Por trás de barras cinzentas o mundo parece se estender a um infinito inalcansável. Apesar de não poder vê-lo ou tocá-lo, posso senti-lo. Senti-lo no frescor dos novatos que chegam aqui exalando inocência e saem como os piores brutamontes. Posso senti-lo nas visitas que vêm e vão com lágrimas nos olhos e esperanças no coração. Posso senti-lo até mesmo no Sol que queima meu rosto no exercício da manhã. Mas agora está acontecendo uma guerra, eu em breve serei liberto e estes dois mundos estarão misturados quando eu sair daqui.
Mas não quero viver em um mundo assim. Nestes últimos anos minhas esperanças cumprindo pena era de que saindo daqui começaria vida nova, mas agora percebo que as coisas nas quais me envolvi quando mais novo nunca vão me abandonar. Não citarei aqui casos ou nomes. Eu só queria um espaço unicamente para meu arrependimento.
Eu tive várias chances de ser algo diferente. Em meus anos atrás das barras vi pessoas que tinham o arrependimento claro em seus olhos, mas tinham também aqueles que não se arrependiam. Pelo contrário, estava estampado em seus rostos que repetiriam o ato se precisassem. Não falo de psicopatia, mas a necessidade de cometer um crime para proteger ou sustentar quem eles amam. Comigo nunca foi assim. Meus atos egoístas me trancaram aqui. Meu último ato egoísta me libertará.
Não creio que uma carta suicida de um prisioneiro vá a mídia, bem que seria bom ser lembrado. Mas sei que apenas o esquecimento me aguarda. Minha família ficará melhor se esquecer de mim. Você que está lendo isso deve ser um policial. Poderia lembrar de mim? O cara calado da cela 19, que preferiu morrer como prisioneiro que violar suas lembranças de como era a liberdade. Meu nome, meu rosto, meu crime, tudo isso pode se perder no sistema, em pastas organizadas em arquivos infinitos, eu não ligo. Mas a minha decisão, minha última decisão, essa eu gostaria que fosse lembrada por alguém. Conto com você.

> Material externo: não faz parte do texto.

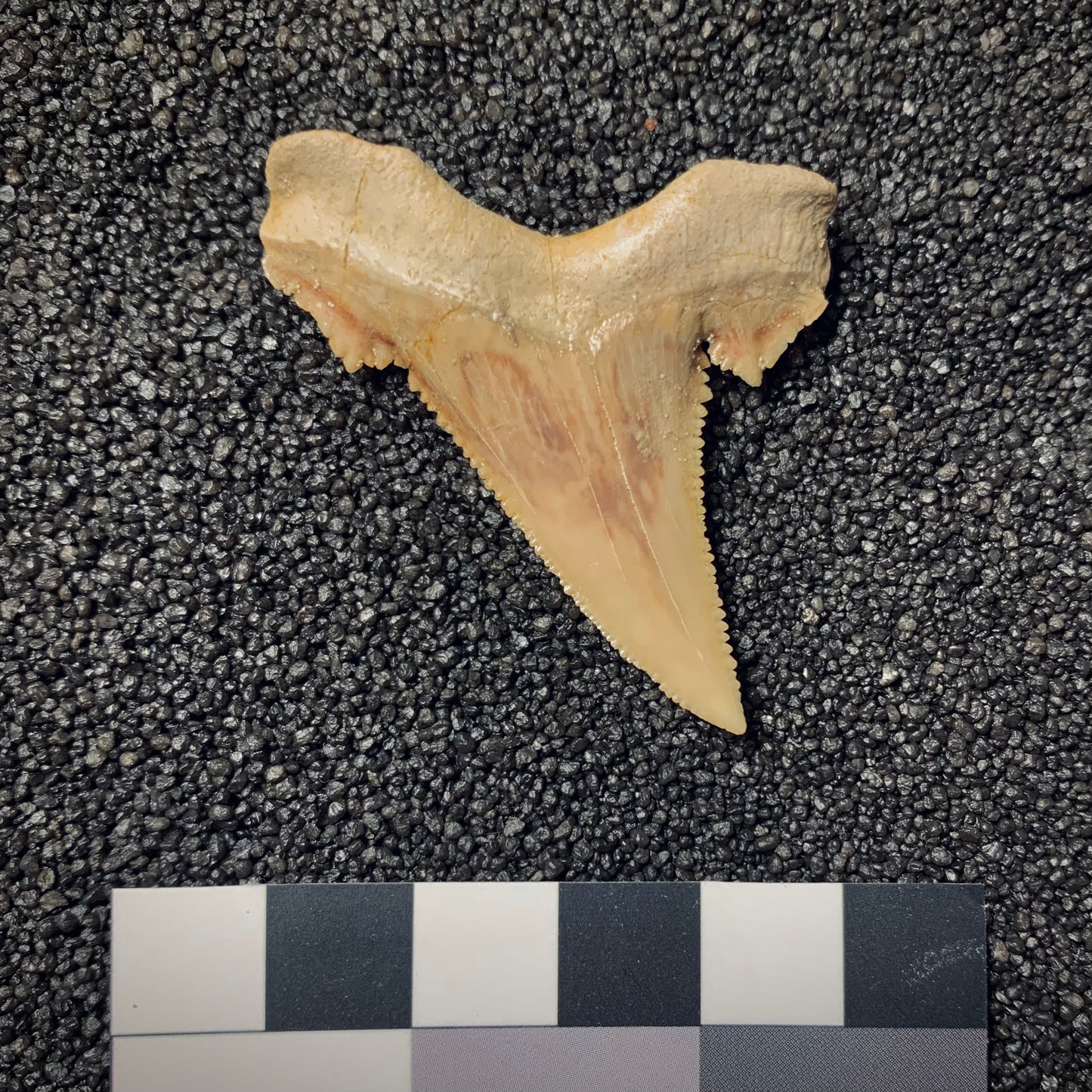 F125 | Squalo | Paleocarcharodon orientalis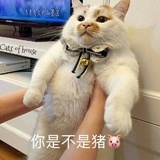 捏你小肥脸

Escrevi pensando nessa guerra que está acontecendo em São Paulo e no interior. Não sabemos mais diferenciar os "good guys" dos "bad guys". Policiais matam bandidos e vice-e-versa. Imaginei como os homens que estão realmente querendo se recuperar enxergam isso. Uma carta depois de milhares de poemas, o que acharam?